On the other hand, with reference to Figure 4 with respect to the core of the present invention in more detail, Figure 4 is a view for explaining the core of the salt water desalination apparatus according to an embodiment of the present invention, as shown in Figure 4 In the salt water desalination apparatus of the present invention, the core surface may have a structure in which the wet part and the waterproof coating part are joined.

The waterproof coating is made of a flexible polymer film or a flexible metal sheet having waterproof performance, so that the salt of the wet portion and the fresh water of the waterproof coating may be separated from each other, and the wetness of the flexible material is possible to wet the brine on one surface of the waterproof coating. The negative portion may be formed to be bonded.

In addition, the wetted portion may be made of fiber, paper, hydrophilic surface treatment, or a surface including hydrophilic particles. In addition, the wetted portion can increase the surface area where salt water is evaporated by wrinkling the surface.

Looking at this through Figure 4, the core surface is formed in the form that the wet part 320 is bonded to one surface of the waterproof coating 310, the waterproof coating 310 is PET, PC, LDPE, It is composed of a polymer film or a flexible metal sheet of a flexible material having a waterproofing property such as nylon, and the wetted part 320 is a surface where the salt water flows, and when the salt water flows along the wet part, the material itself contains water. It is composed of a flexible material fabric with properties that can be.

On the other hand, the saline reservoir of the present invention can be formed by folding the upper end of the wetting portion 320 or the core surface.

That is, as shown in Figure 4, the brine reservoir 340 is to form the upper end of the flexible core surface using the inner fold, outer fold and a combination thereof.

 In addition, the fresh water collecting unit 350 is formed by folding the lower end of the core surface in a diagonal direction toward the waterproof coating 310 so that the condensed fresh water flows along the slope, and the fresh water is wetted ( To prevent mixing with the brine flowing through the 320, the end portion of the fresh water collection unit 350 is formed by folding in the direction of the wetted portion 320 in the outward direction.

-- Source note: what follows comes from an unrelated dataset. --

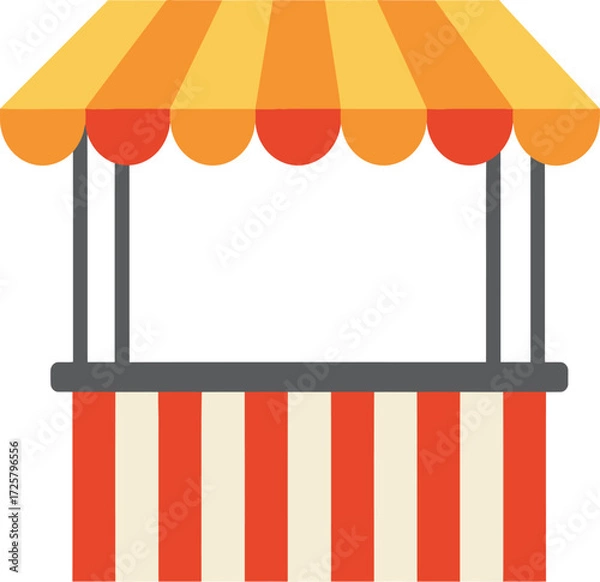 Fototapeta Colorful carnival stand with striped awning and counter perfect for outdoor events and fairs isolated on transparent background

As described above, the present invention is configured by the flexible material of the wetted part 320 and the waterproof coating part 310 constituting the core surface, it is possible to reduce the weight and volume in the manufacture of each saline desalination apparatus, and also brine By folding and forming the reservoir and the freshwater collector, there is no need to configure the brine reservoir and the freshwater collector separately, thereby saving initial construction costs including the manufacturing cost of the device. Also, the soft material deforms the appearance of the brine evaporator. There is an advantage that can be modified in the environment.

Meanwhile, referring to FIG. 5 in more detail with respect to the freshwater extraction unit of the present invention, FIG. 5 is a view for explaining the freshwater extraction unit of the saltwater desalination apparatus according to an embodiment of the present invention, which is shown in FIG. As it is, the brine desalination apparatus of the present invention is provided with a fresh water collection unit to collect the fresh water condensed at the bottom of the core surface of the plurality of salt water evaporation unit disposed in parallel in the housing, collecting the fresh water collected therefrom to the outside It further includes a fresh water extraction unit for supplying fresh water, the fresh water is discharged to the outside through the fresh water outlet in the housing from the fresh water extraction unit.

 For example, as shown in FIG. 5, the freshwater extracting unit 360 is configured at the lower end of the freshwater collecting unit 350 and is connected to the freshwater outlet 213 of the housing 210. , Collecting the fresh water generated by the plurality of brine evaporation unit 300 to the fresh water outlet 213.

On the other hand, Figure 6 is a view for explaining the brine outflow portion of the brine desalination apparatus according to an embodiment of the present invention.

The brine outlet may be collected at the lower part of the core surface while the remaining brine is evaporated from the wetting portion in the core surface and flows down, and serves to allow the brine to flow out from the brine outlet through the brine outlet in the housing, It can optionally be added in the brine desalination apparatus of the present invention.

As described above, the core surface of the salt water desalination apparatus of the present invention may have a structure in which the wet part 320 and the waterproof coating 310 are bonded to each other, and the waterproof coating 310 formed on one surface of the core surface. Fresh water flows in and because the brine flows in the wet part 320 of the other surface, the salt and fresh water should never be mixed.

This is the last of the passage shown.